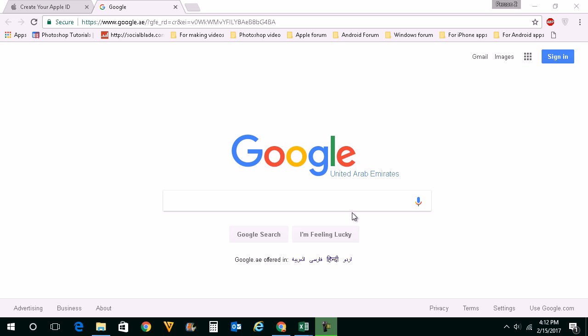Hello everyone and welcome to my YouTube channel. In this video today we will see how to delete our search history from Google server.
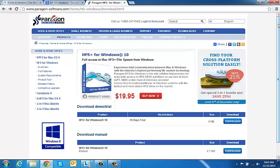There are many different software options out there that you can use to read the HFS external hard drive but we found a pretty good one that was created by Paragon Software Group and it's called HFS for Windows. So go to paragon-software.com and download HFS for Windows. It actually costs $20 but there is a 10-day trial which is pretty much all you're going to need in order to read your hard drive.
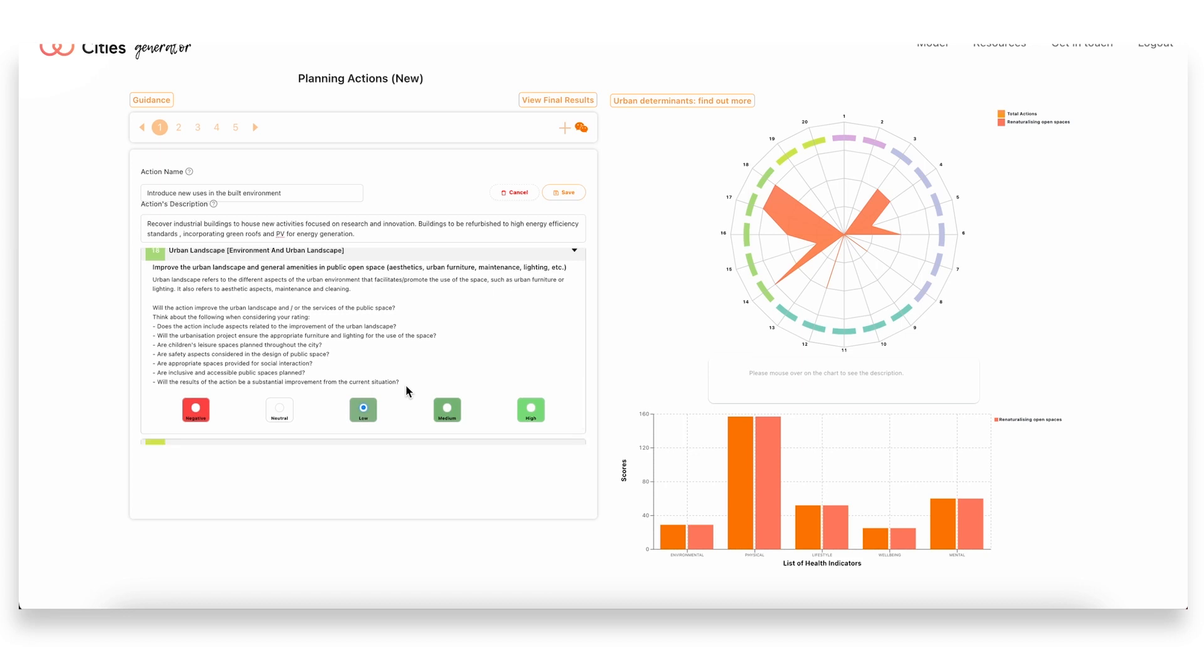Notice this action focuses mainly on the built environment, but of course this has some impact on the space, the public space around them, and also improving safety or the perception of safety of people that are walking there.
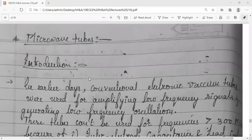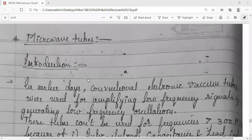In today's class we are going to deal with the first half of your first module. Till the previous session we covered transmission lines, which covers half of module one. Now we are going to cover the first half, that is microwave tubes. The total syllabus has two different parts: two modules cover microwaves and the remaining covers antennas.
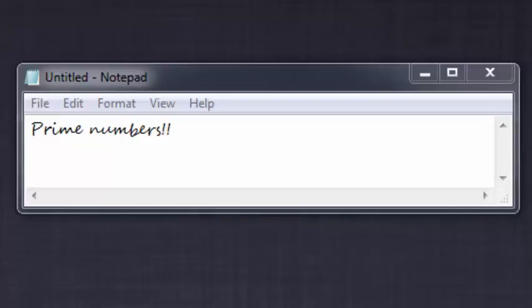Hello guys, welcome to my seventh video on C programming. In this video I will show you how to find the prime numbers, so let's get started.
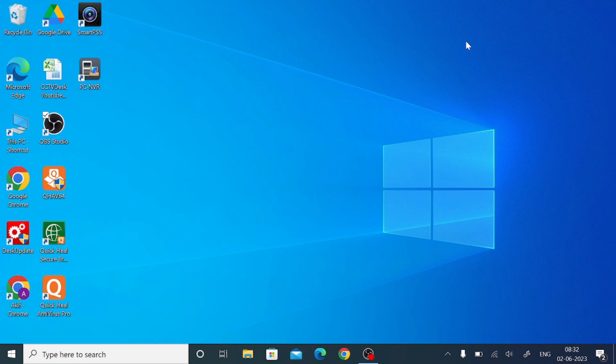Hello everyone, hope you all are fine. Today on behalf of CCTV desk, we come up with a new video. This video is all about a software named wbox VMS Pro 1 for PC, so please keep watching till the end. In this video, we are going to demonstrate how you configure wbox VMS Pro 1 for PC, how you install it, how you add the device, and access the live view of the camera.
- - -
Transcribe only this stretch of the data: the line with "Notice this action", the line with "Hello guys, welcome", and every line in between. Leave out the pictures.

Notice this action focuses mainly on the built environment, but of course this has some impact on the space, the public space around them, and also improving safety or the perception of safety of people that are walking there.
In today's class we are going to deal with the first half of your first module. Till the previous session we covered transmission lines, which covers half of module one. Now we are going to cover the first half, that is microwave tubes. The total syllabus has two different parts: two modules cover microwaves and the remaining covers antennas.
Hello guys, welcome to my seventh video on C programming. In this video I will show you how to find the prime numbers, so let's get started.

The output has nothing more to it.